A 67-year-old Vernon Madison has been on death row for over three decades and was supposed to be executed in 2016, but after a series of strokes allegedly wiped out his memories of fatally shooting a police officer, his lawyers have been trying to suspend his death sentence.
The U.S. Supreme Court will now have to decide if it is lawful to execute a murderer who does not remember his crime.
Madison was supposed to receive the death penalty in May of 2016, for the 1985 murder of a police officer. Shortly before the sentence could be carried out, his lawyers intervened, arguing that as a result of several strokes, the inmate had suffered neurological damage and could no longer remember his crime.
A previous ruling of the Supreme Court stated that mentally incompetent prisoners cannot be executed, but also that some of them may be ruled competent to be executed as long as he or she understands their punishment and why they are receiving it.
This leaves a lot of room for interpretation by state courts, so Vernon Madison’s execution has been scheduled and postponed several times in the last two years. It is now up to the Supreme Court to rule if it is lawful to have a man executed for a crime he doesn’t remember.
In April of 1985, Vernon Madison shot and killed police officer Julius Schulte, who had been called to his residence for a domestic disturbance. He then turned the gun on his girlfriend, who survived the attack.
Madison was charged with capital murder, and after three complicated trials that involved improperly striking black people from the jury and an improper testimony from an expert witness of the prosecution, he received the death penalty. Interestingly, at his final trial, the jury recommended life in prison, but the judge overturned their decision, sentencing Madison to death.
Things became complicated in 2015, when Vernon Madison suffered his first major stroke. It affected his vision, rendering him legally blind, as well as his motor coordination.
The following year, the death row inmate suffered another stroke, which medical records show left him “very confused” and “disoriented”. Madison also showed signs of memory loss, including the memory of him killing the police officer in 1985.
“I never went around killing folks,” Vernon Madison reportedly told psychologists in 2016.

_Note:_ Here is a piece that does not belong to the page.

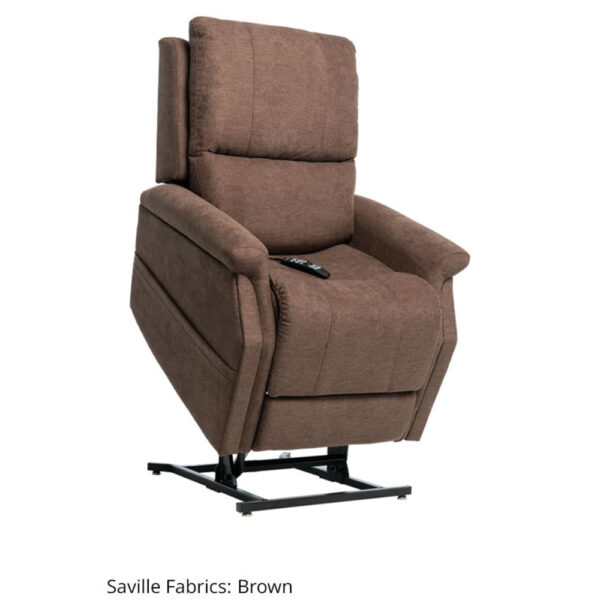 VivaLift! Metro 2 Power Lift Recliner in a sleek modern design with plush cushioning, showcasing its infinite recline position, adjustable headrest, and built-in USB charging port for added convenience.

Madison’s lawyers claimed that after his second stroke, the inmate had told them that he planned to move to Florida after being released from prison, which they believed was a clear sign of severe confusion, given that he was supposed to be executed soon.

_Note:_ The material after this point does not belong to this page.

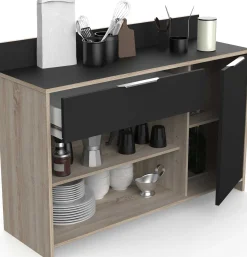 Mikrowellenschrank Michael 1 Schublade, 2 offene Fächer, 1 Flügeltür und 1 Einlegeboden-robuste Eiche/schwarz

They asked an Alabama court for a competency hearing, which was granted. Vernon was evaluated by two experts, one requested by the state of Alabama, and another hired by the inmate’s counsel. Their conclusions were surprisingly different.
Dr. John Goff diagnosed Madison with major vascular neurological disorder as well retrograde amnesia, which rendered him unable to remember certain events from his life before the 2016 stroke. He added that the inmate could not describe the events that occurred on the day of officer Schulte’s murder, and that he only knew he had been involved in three trials because other people had told him so. Regarding his sentence, Madison reportedly told Dr Goff that he “must have been” convicted in Mobile and that the crime “must have been a murder”. However, he didn’t seem to remember the crime itself and couldn’t connect the offense to the punishment.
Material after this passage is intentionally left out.